Material provided
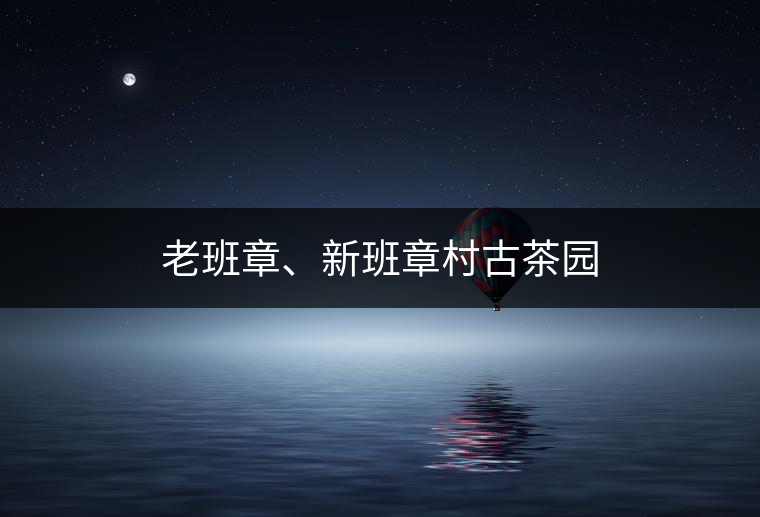 老班章、新班章村古茶園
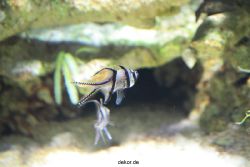 zoo-bochum-zoo-2015-03-28-186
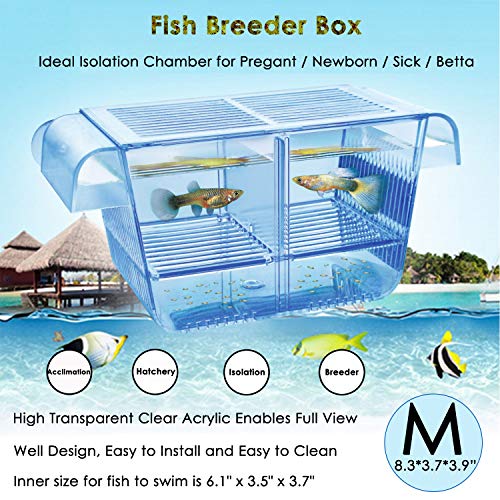 capetsma Fish Breeder Box, Hang-on Nursery Fish Tank with Breeding Hatching Incubator Acclimation Box, Perfect Fish Tank Divider for Aggressive Skaded Gravid Fish Small Fish Saltlake Räkor Clownfish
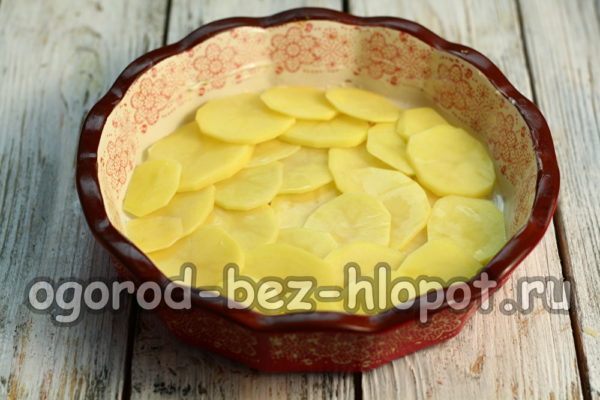 שים שכבה של תפוחי אדמה בתבנית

Exercise brief
Word for word, restate the whole listing and drop the images.

Completed task
 老班章、新班章村古茶園
 zoo-bochum-zoo-2015-03-28-186
 capetsma Fish Breeder Box, Hang-on Nursery Fish Tank with Breeding Hatching Incubator Acclimation Box, Perfect Fish Tank Divider for Aggressive Skaded Gravid Fish Small Fish Saltlake Räkor Clownfish
 שים שכבה של תפוחי אדמה בתבנית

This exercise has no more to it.